Premium milk, cheese, cream and yogurt saw single-digit increases, while the company’s plant-based products saw triple-digit increases. The non-dairy items now have the second largest share in the Mexican market.
Grupo Lala also noted a ‘softening in consumption’ overall in Mexico, flat milk volume and double digit decreases in soft drinks, which lessened its volume across the country.
Mauricio Leyva, CEO of Grupo Lala, said, “The virtuous cycle is in place and starting to deliver results, albeit lower than expected topline growth in Q2. Productivity initiatives are fueling resources for our premiumization and value-added growth strategies in Mexico, allowing us to invest more in innovation and categories like premium milk and plant-based beverages.
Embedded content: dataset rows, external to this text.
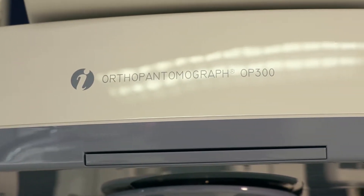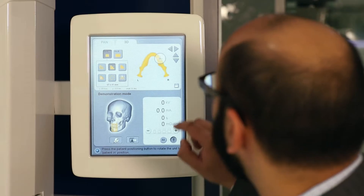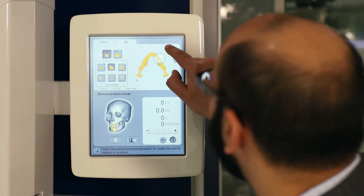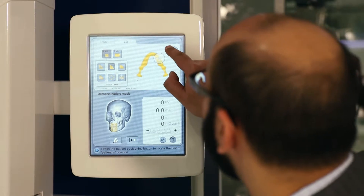We can see the exact location of the mandibular canal in relation to lower third molar roots. We can see the available bone in a prospective implant site and make an accurate measurement.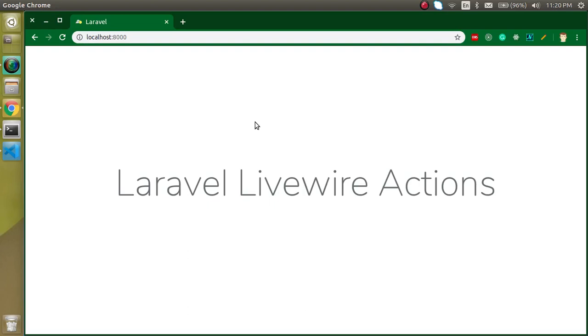What's up guys, my name is Anil and in this Laravel Livewire video tutorial we will see what are the actions in Laravel, how we can use them, how we can make them, everything about them. Alright, so now let's start.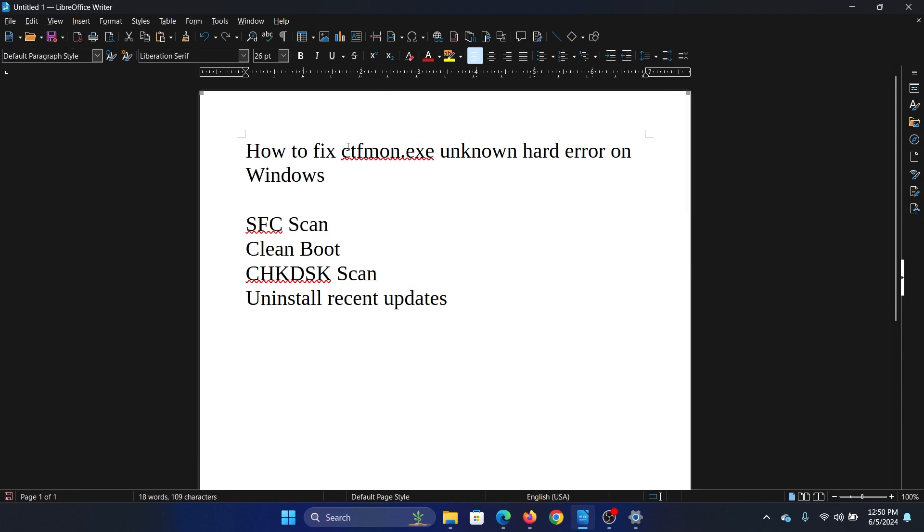Hey friends, if you encounter cftmon.exe unknown hard drive error on your Windows computer, then please watch this video. I will guide you through the resolutions. Now if it is a hard drive error, we should proceed to the check disk scan straight away.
"We have started to see signs of profitability recovery, as well as a strengthened working capital, setting the path to deleverage the business and increase value for our shareholders.”
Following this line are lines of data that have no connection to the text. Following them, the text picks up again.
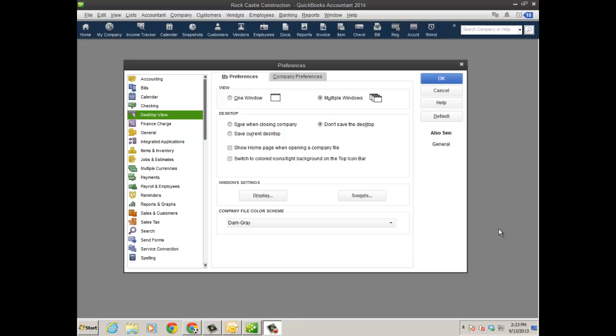Hello and thanks for watching this video on some of the new things in QuickBooks 2014 Pro Premier and Enterprise. This video is going to focus on the homepage customization options that are new as well as some customization options with QuickBooks email.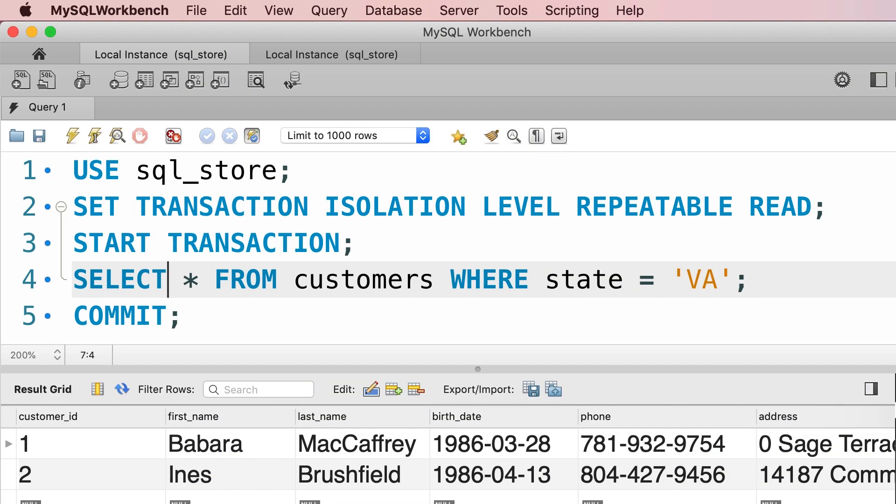In this lecture we're going to look at the serializable isolation level, which provides the highest level of isolation and solves all concurrency problems. At this level our transactions are executed in sequence, one after another, so you really don't have concurrency. The experience we get is like a single user system, one user executing different commands against the database, sequentially.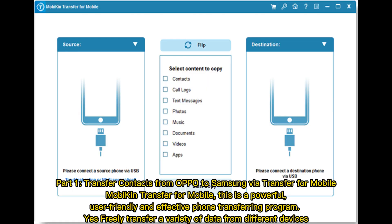Part 1: Transfer contacts from Oppo to Samsung via Transfer for Mobile. Mobicon Transfer for Mobile is a powerful, user-friendly, and effective phone transferring program that can freely transfer a variety of data from different devices.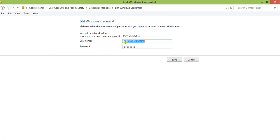If the network computer is in the same workgroup as your host computer, you don't need to mention the workgroup here. But if it is from a different workgroup — suppose your host computer has the workgroup name 'WORKGROUP' and the network computer has workgroup name 'ABCD' — you have to provide ABCD\username. Since this is a Linux computer it uses the root user, and this is the saved password.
In the US, Grupo Lala reported 860m pesos ($45m) in net sales, a 1.6% growth over last year. The Promised Land milk brand remained steady in the US, while its drinkable yogurt declined by double digits.
The company attributed this to an overall slow-down in the yogurt category growth and more focus on “a more profitable geographic and channel footprint.” The Central American market grew 4.4%, netting $710m pesos, driven by expansion in Guatemala and Nicaragua.
Grupo Lala said it has been setting its sights on more premium products since posting disappointing mid-year numbers in 2018, like the Promised Land's high-protein and high-calcium milk.